Preservation of Organic Carbon Associated with Iron on Continental Shelves Influenced by Hydrodynamic Processes.

Abstract

Understanding the environmental fate of organic carbon associated with iron (OC-Fe) is critically important for investigating OC preservation in aquatic systems. Here, we first investigate 13C and 14C isotopes of OC-Fe within grain size-fractionated sediments retrieved from the East China Sea and estimate their sources and reactivities of OC-Fe through isotope-mixing models and thermal pyrolysis approaches in order to reveal the fate of OC-Fe on continental shelves influenced by hydrodynamic processes.
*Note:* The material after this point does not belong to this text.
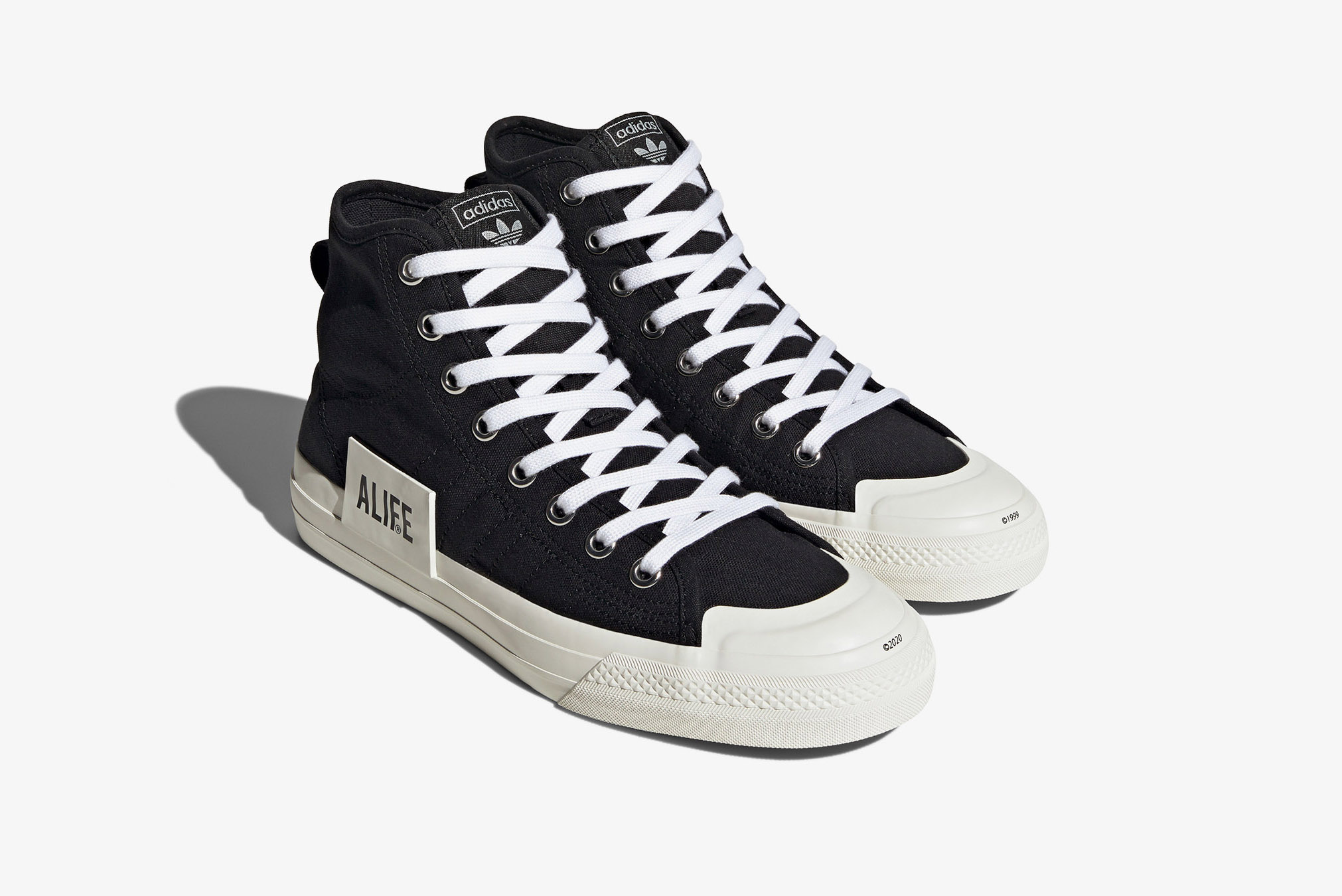 SEPATU ADIDAS YEEZY BASKETBALL QUANTUM QNTM.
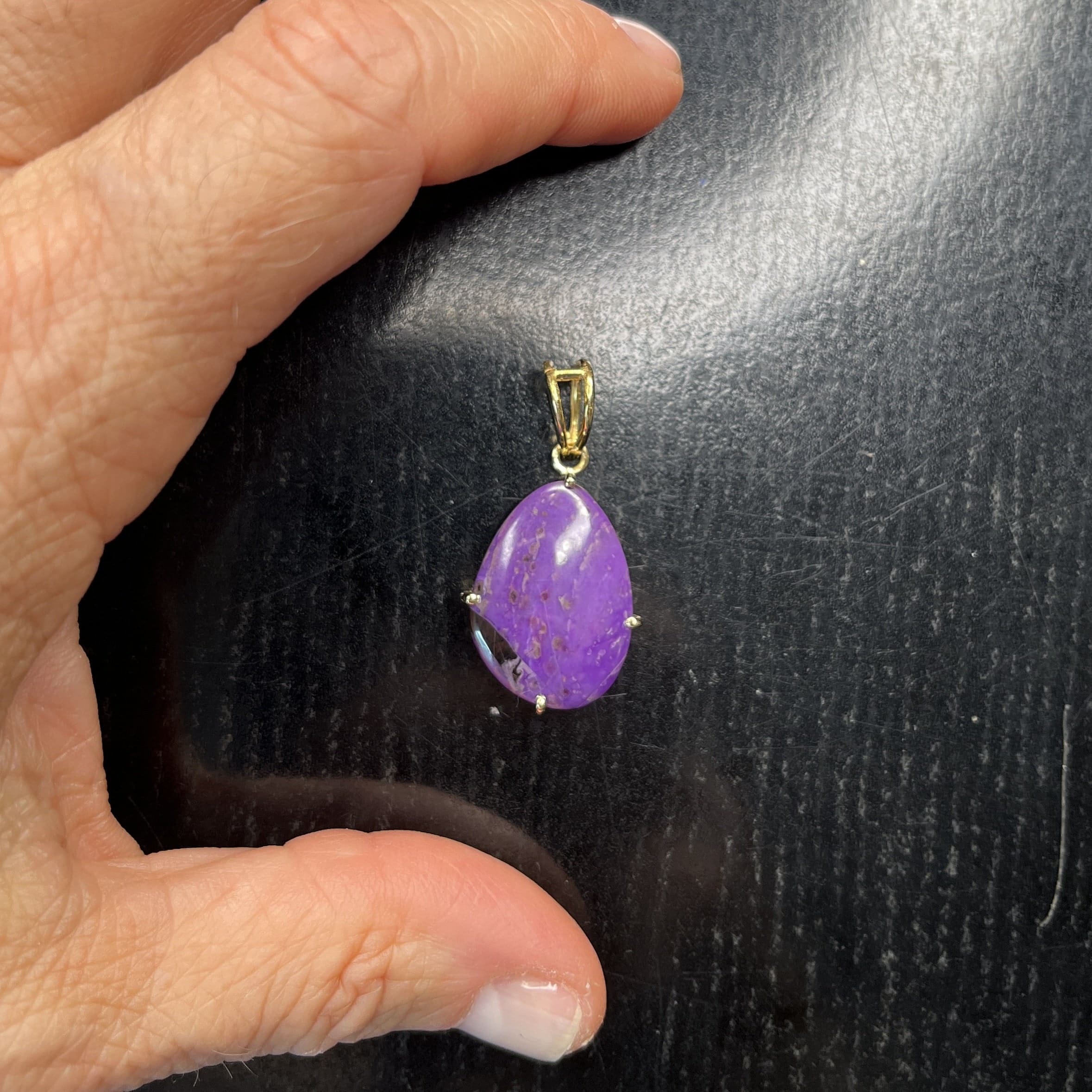 Sugilite (pendant for necklace) 14K Gold 'purple pear' healing crystal - Image 2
Our results show that the OC-Fe proportion in total OC (fOC-Fe) in the sortable silt fractions (20-63 μm) is the highest among three grain size fractions, likely suggesting that hydrodynamics may enhance the iron protection on OC. In addition, Δ14COC-Fe values fall within the range of from -358.73 to -64.03‰, and both Δ14COC-Fe values and ancient OC-Fe% exhibit strong positive linear relationships with fOC-Fe. This emphasized that the hydrodynamic processes may cause the ancient OC to be tightly associated with Fe, accompanying OC-Fe aging. Our findings shed new light on the preservation of OC-Fe in marginal seas to advance the recognition of carbon "rusty sinks" in seafloor sediments.